To do
Leave the pictures out, and repeat exactly every line from the one with "Scranton & Co" through the end of the data below.

Data
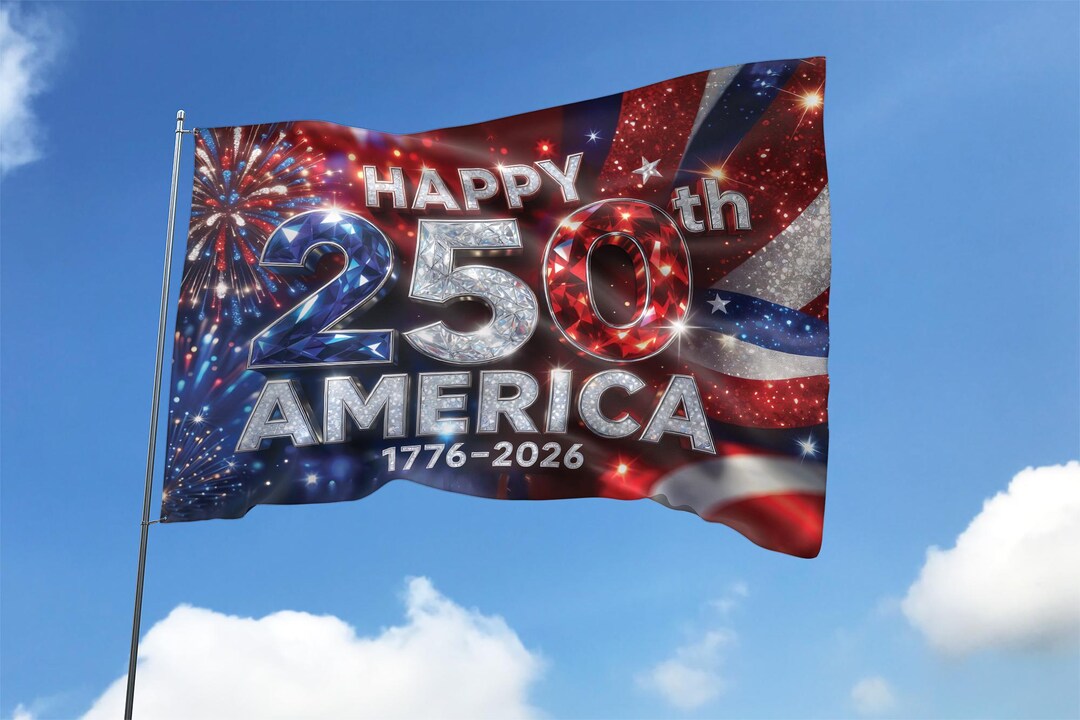 250th Year Patriotic Fireworks Flag, Independence Day Celebration ...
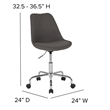 Scranton & Co Modern Mid Back Swivel Office Chair in Dark Gray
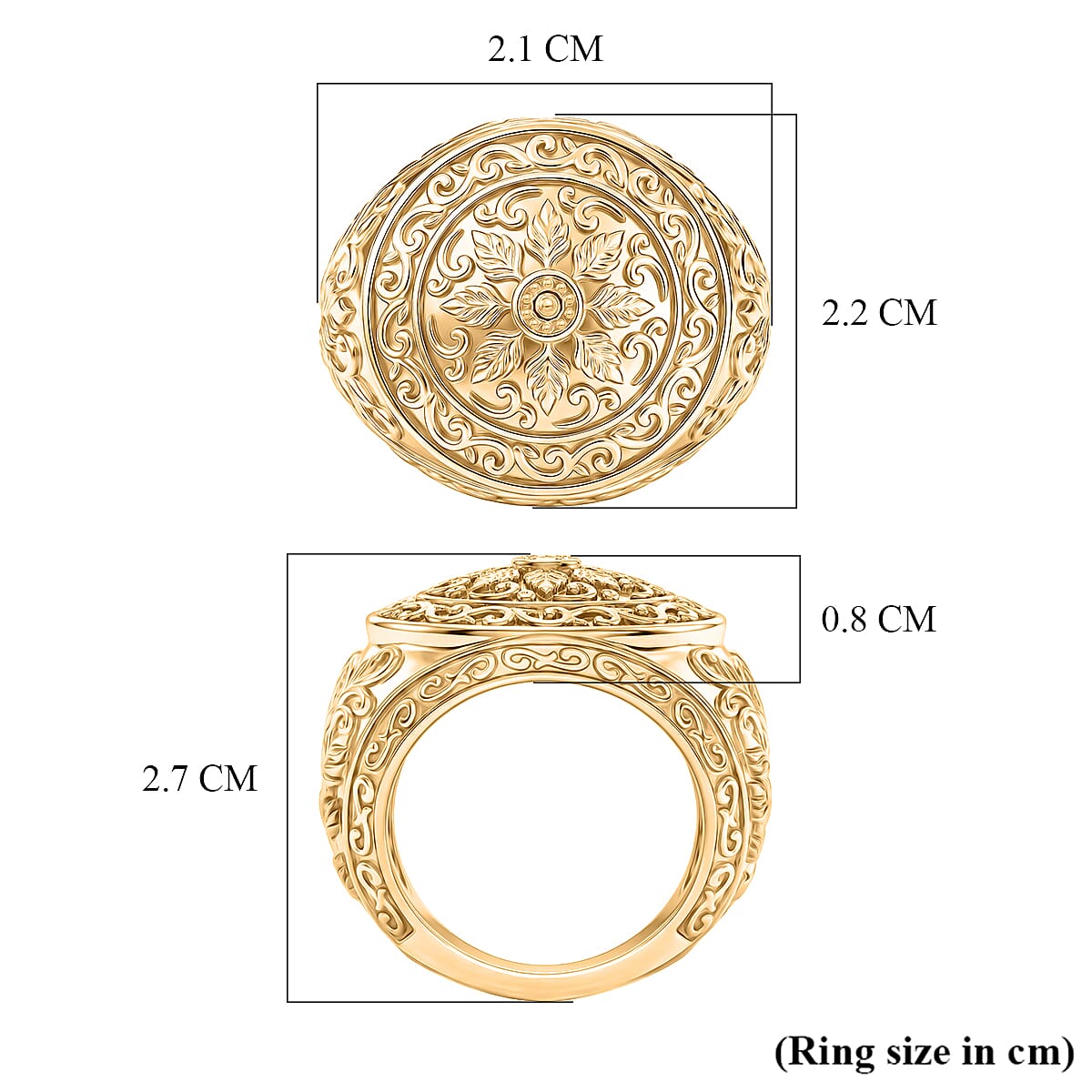EverTrue Fillegree Work Ring in Yellow Gold Tone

Result of this exercise
 Scranton & Co Modern Mid Back Swivel Office Chair in Dark Gray
EverTrue Fillegree Work Ring in Yellow Gold Tone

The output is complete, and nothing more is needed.